Sudah lama sekali kita tidak merasakan kebanggaan sebagai kampiun dalam dunia bulutangkis. Dijaman kejayaan Rudy Hartono dan Liem Swie King, hampir tidak ada masyarakat yang tidak keranjingan bermain bulutangkis. Di kantor perusahaan swasta maupun pemerintahan hampir selalu ada lapangan bulutangkis. Mulai dari boss sampai karyawan bermain bulutangkis sampai tengah malam sehabis jam kantor.
Bahkan di gang sempit RT sekalipun, para anak-anak dan “simboke” sibuk bermain bulutangkis tanpa net dengan shuttlecock yang sudah gundul! Tapi itu semua cerita masa lalu. Kini sudah jarang orang bermain bulu tangkis.
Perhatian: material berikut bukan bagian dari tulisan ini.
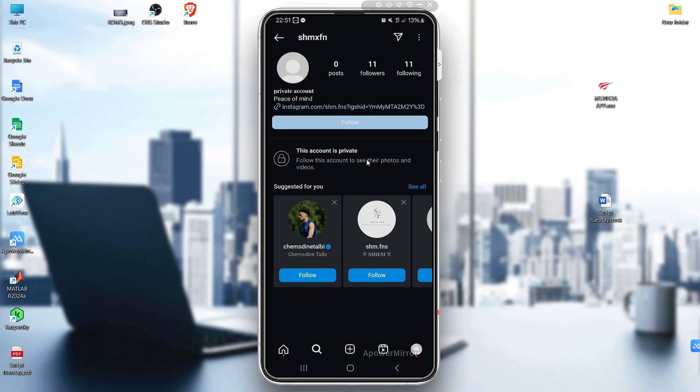A follow request has been sent. Step 3 is to try sending a message request. If they haven't followed you back, you can still send them a message request.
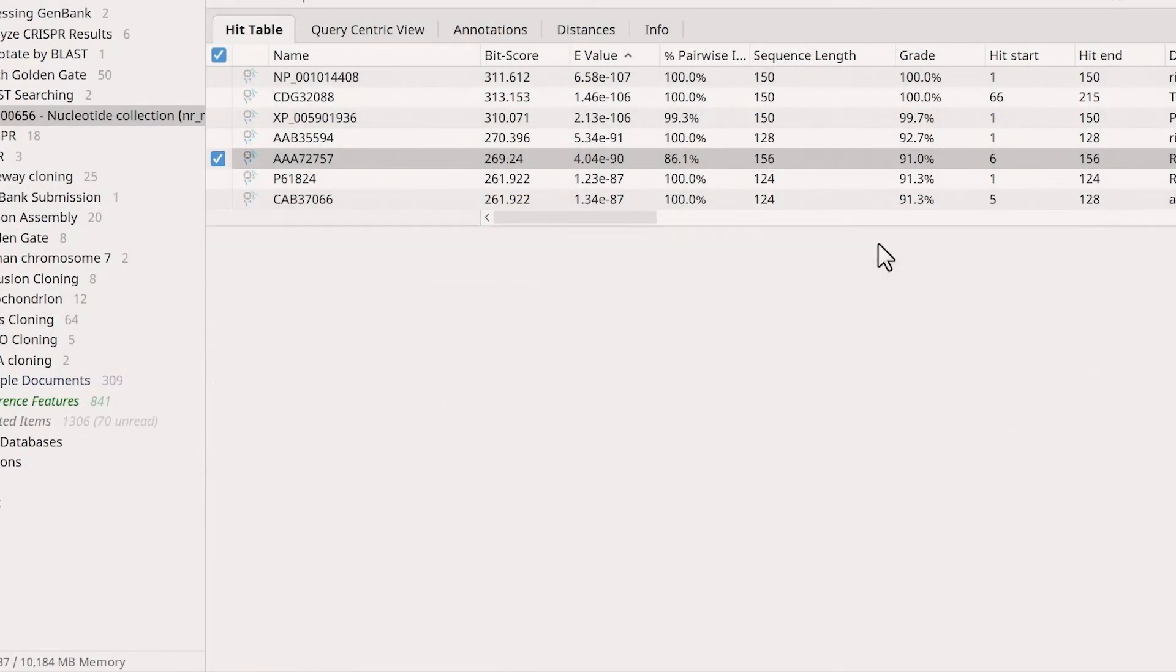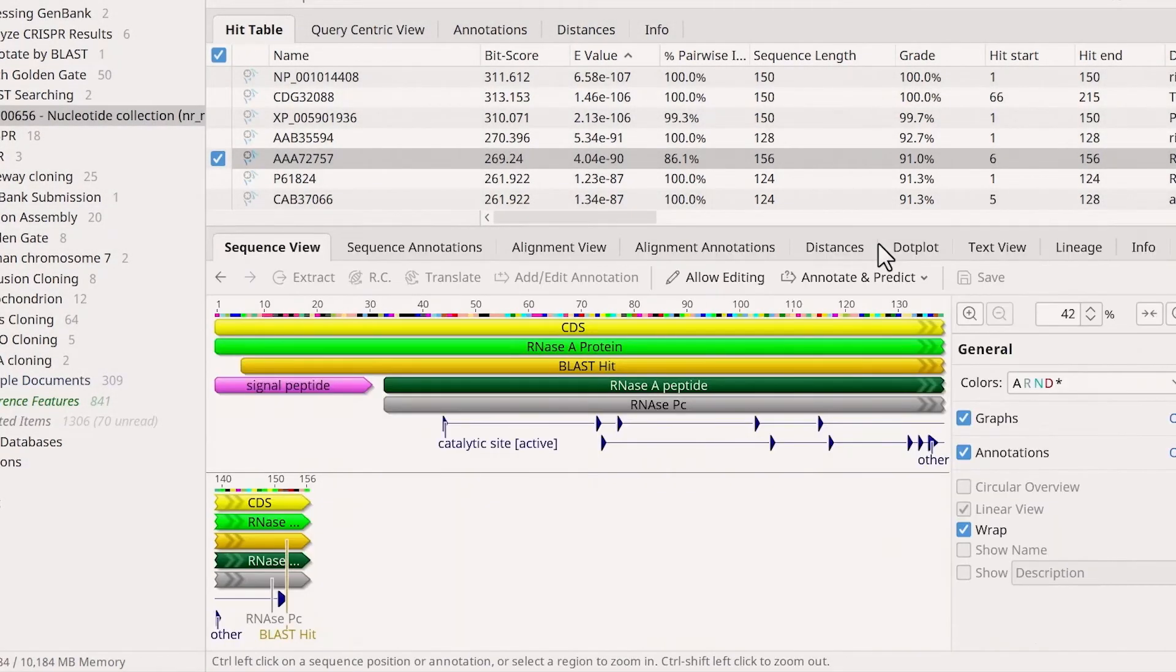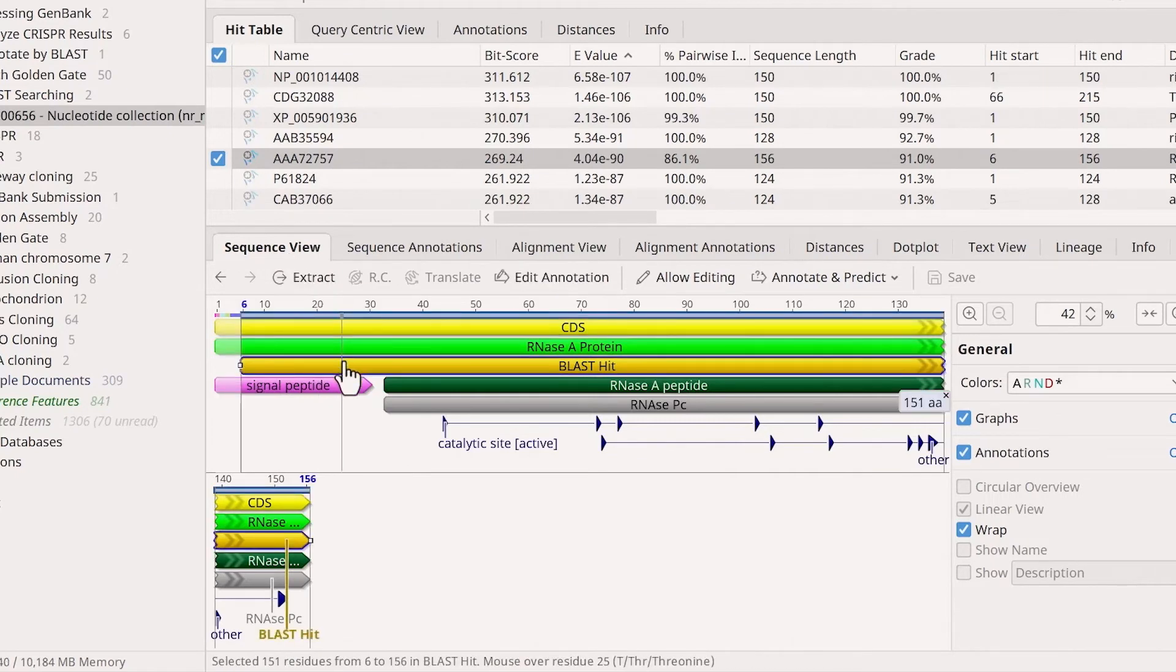Once downloaded, Genius will add a new sequence view tab to the entry, which includes a BLAST hit annotation.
Hal itu berkaitan erat dengan prestasi bulutangkis kita yang semakin menurun di dunia internasional.
Menarik dicermati penurunan prestasi ini, bukan saja karena berkurangnya bakat-bakat baru di dalam negeri, tetapi juga karena perkembangan teknik pelatihan terintegrasi yang dikembangkan oleh pelatih-pelatih di luar negeri (sialnya kebanyakan adalah mantan pemain/pelatih berkelas Indonesia)
Untuk mengembalikan kejayaan bulutangkis nasional ini, yang diperlukan antara lain adalah :
1. Turnamen
Turnamen/pertandingan adalah satu-satunya cara terbaik untuk melatih kemampuan pebulutangkis. Dengan bertanding menghadapi banyak pemain yang berbeda, seorang pebulutangkis tentu akan belajar beradaptasi menghadapi gaya permainan lawan yang berbeda-beda pula.
Kita bisa belajar mengelola turnamen seperti pada tenis, mulai dari tingkat Grandslam, ATP Master maupun sampai kelas satelite misalnya. Kalau misalnya dalam setahun ada 50 (Limapuluh) turnamen berbagai kelas kategori dari Sabang sampai Merauke, tentu seorang pebulutangkis bisa memilih turnamen mana saja (dianggap paling menguntungkan baginya) yang akan diikutinya selama setahun.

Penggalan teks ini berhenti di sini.